What I would like to do is use the [Authorize] tag to validate both the tokens issued by Azure AD when a user logs in, but also the custom JWT created by my code. The problem is (I assume) that Azure signs the tokens with a private key that I don't have access to.

Is it possible to include several validation options in .AddJwtBearer for instance, so that it checks both possible ways a user can be valid and gives access if either one of them passes? Or is there a way to create a custom token that will pass the check already in place? Or maybe a way to add another tag to an endpoint so it becomes something like [Authorize] || [CustomAuthorize] and if one of them passes the user gains access?

1

1 Answers

1
votes

Not using a custom JWT token

I don't really see the nead for you needing to create your own tokens. AAD does a pretty good job of managing users and their login status. As a possible alternative, you could also evaluate cookie authentication for these signed in users. Creating your own JWT token sounds overengineered and possibly less secure.

Validating tokens from different sources

You can chain .AddJwtBearer calls to set up multiple token sources.
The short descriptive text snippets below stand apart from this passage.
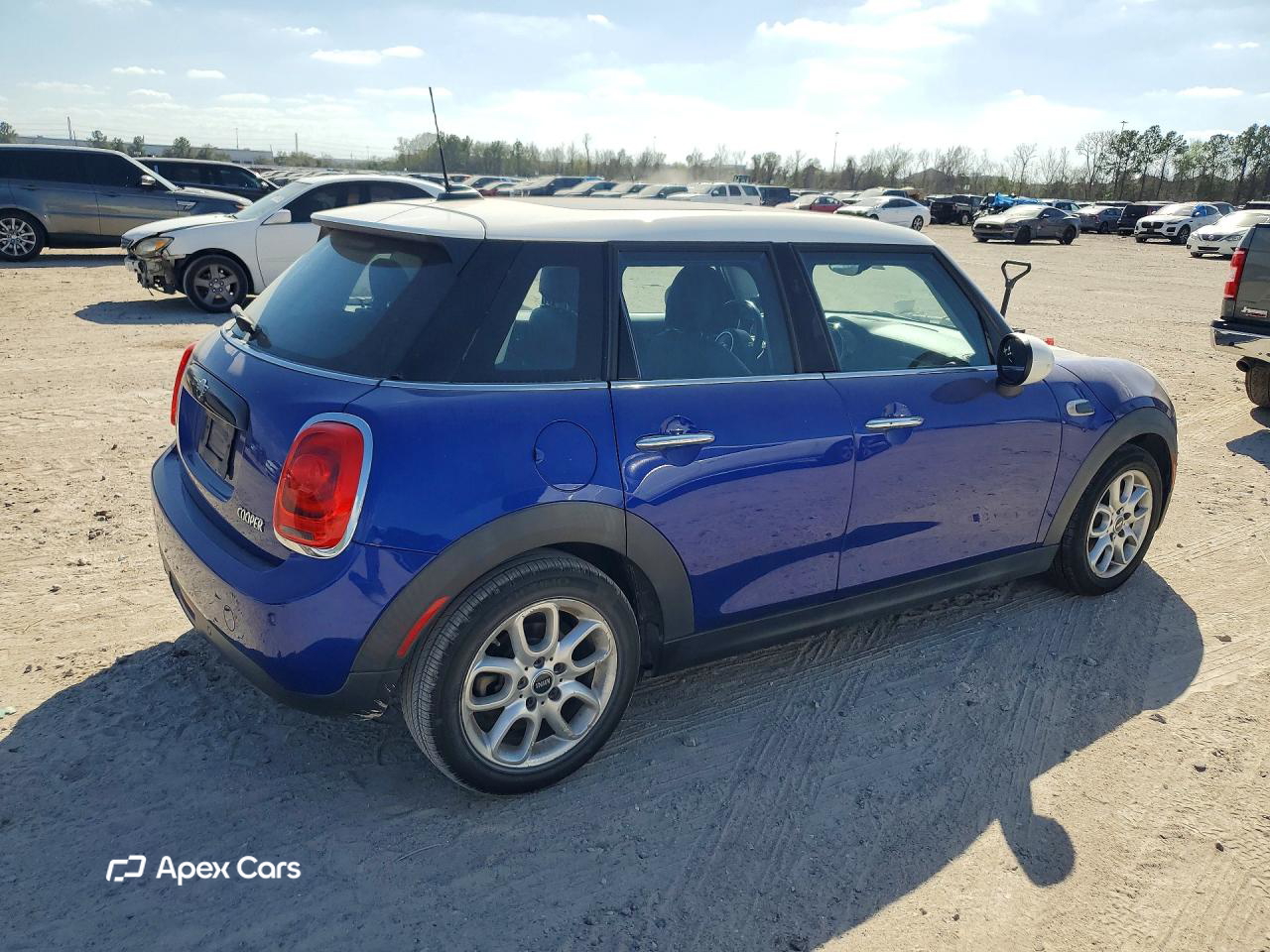 MINI Cooper 2019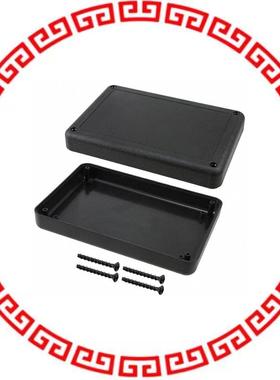 PT-11668 BOX ABS BLACK 6.02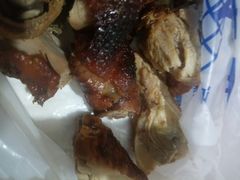 -上海枇杷烤鸭(燕丰商场店)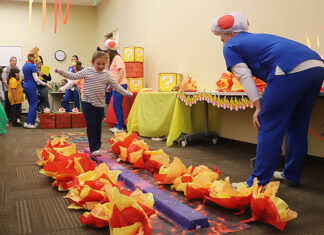 Wallace State hosting Little Lifesavers Camp this summer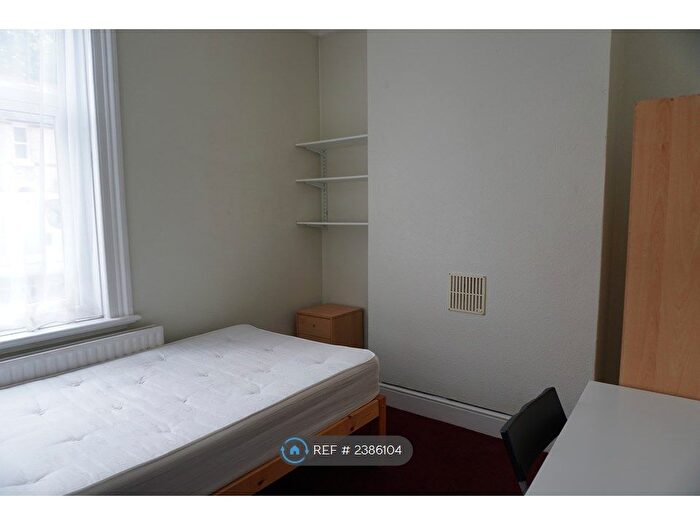 5 Bedroom Terraced House To Rent In St. Martins Terrace, Canterbury, CT1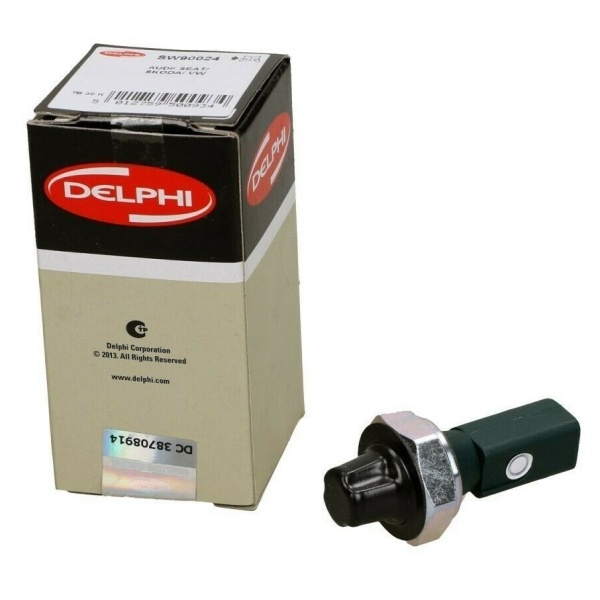 Senzor Presiune Ulei Delphi SW90024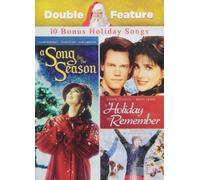 Holiday to Remember/Songs for The Season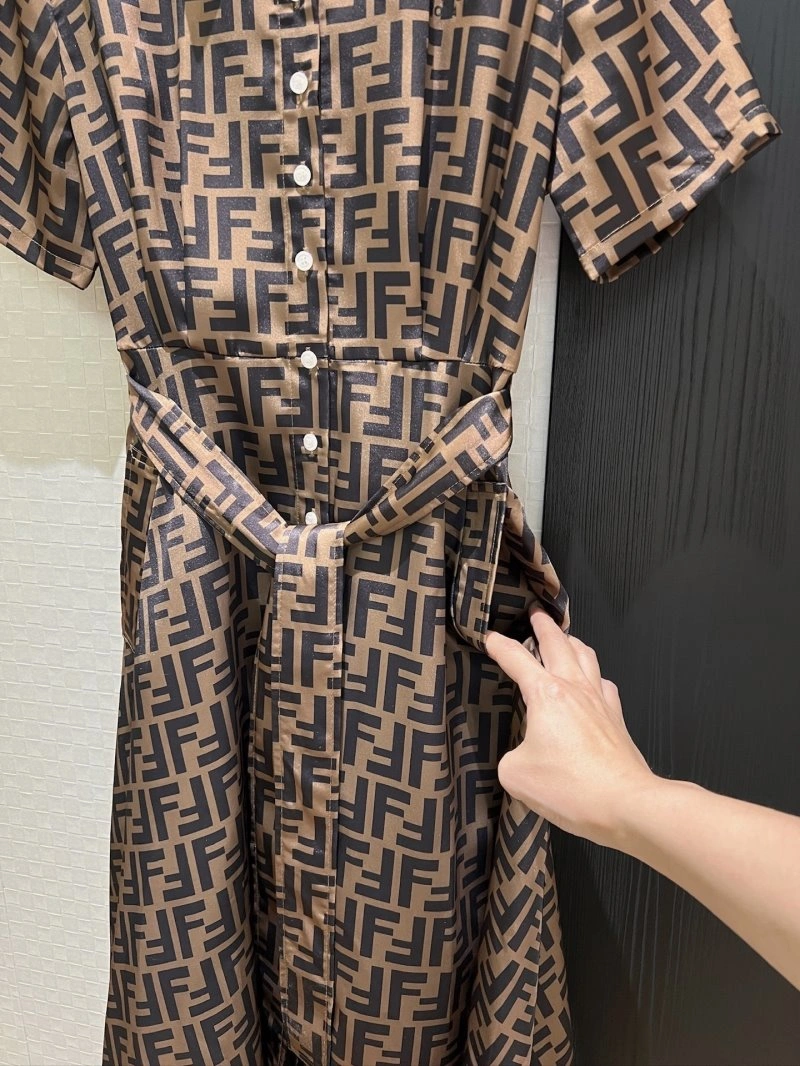 Unclassified Brand Dress Comfortable 148160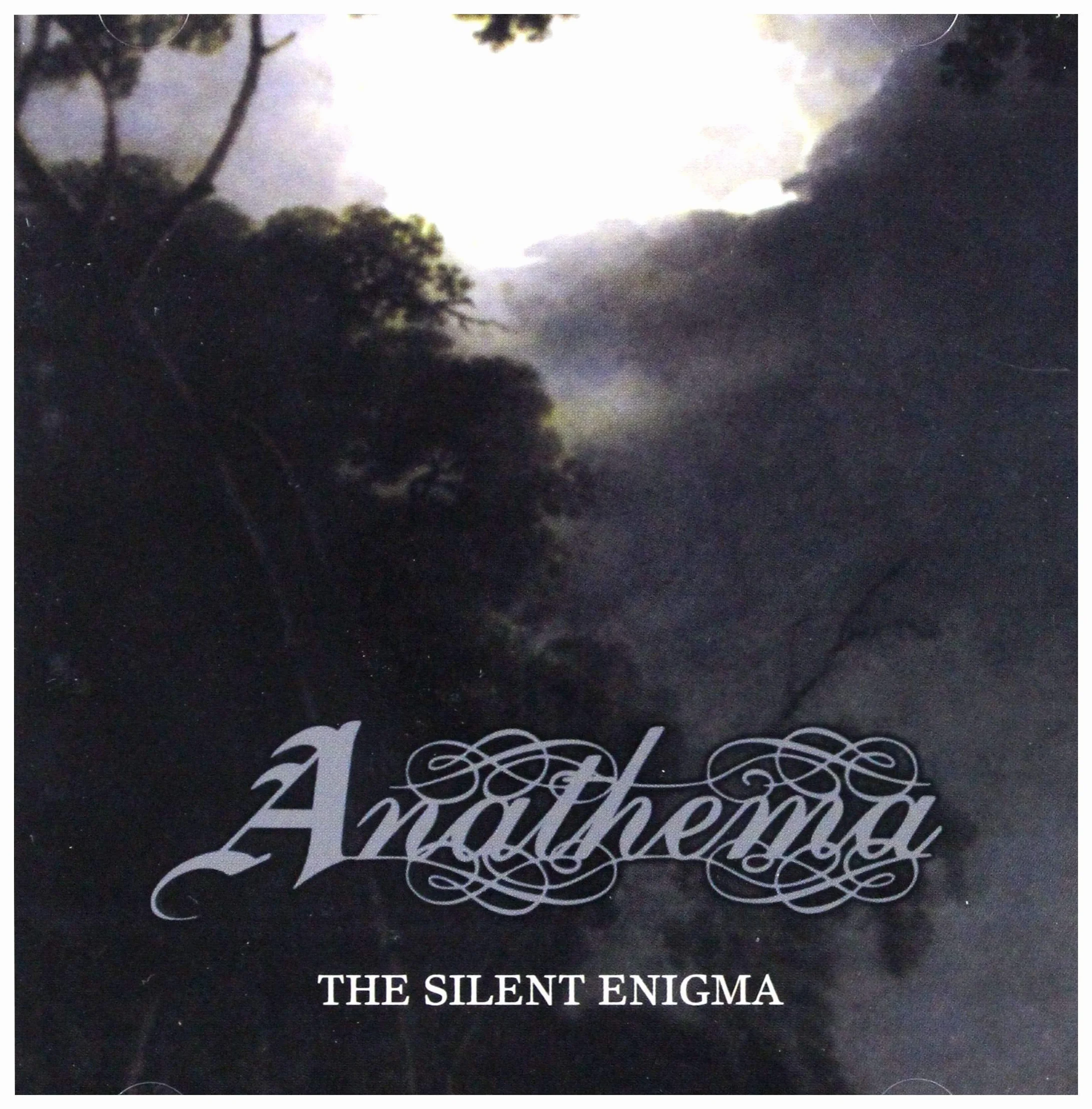The Silent Enigma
You need to give the second one a different scheme name. When doing this, you need to do some special handling after UseAuthentication to check that scheme as well. This is probably the cleanest solution which is also closest to what you describe.

services.AddAuthentication(options =>
{
    options.DefaultScheme = JwtBearerDefaults.AuthenticationScheme;
})
.AddJwtBearer(jwtOptions =>
{
    //...
}).AddJwtBearer(_FallbackScheme, jwtOptions =>
{
    //...
});


// ...

app.UseAuthentication();
// https://github.com/aspnet/Security/issues/1847
app.Use(async (context, next) => {
    if (!context.User.Identity.IsAuthenticated)
    {
        var result = await context.AuthenticateAsync(_FallbackScheme);
        if (result.Succeeded)
        {
            context.User = result.Principal;
        }
    }
    await next();
});

Extending the claims

If you just want to add a couple of extra claims at runtime, it might also be ok to do this at runtime. However, this will happen on every API call, so you need to keep this in mind.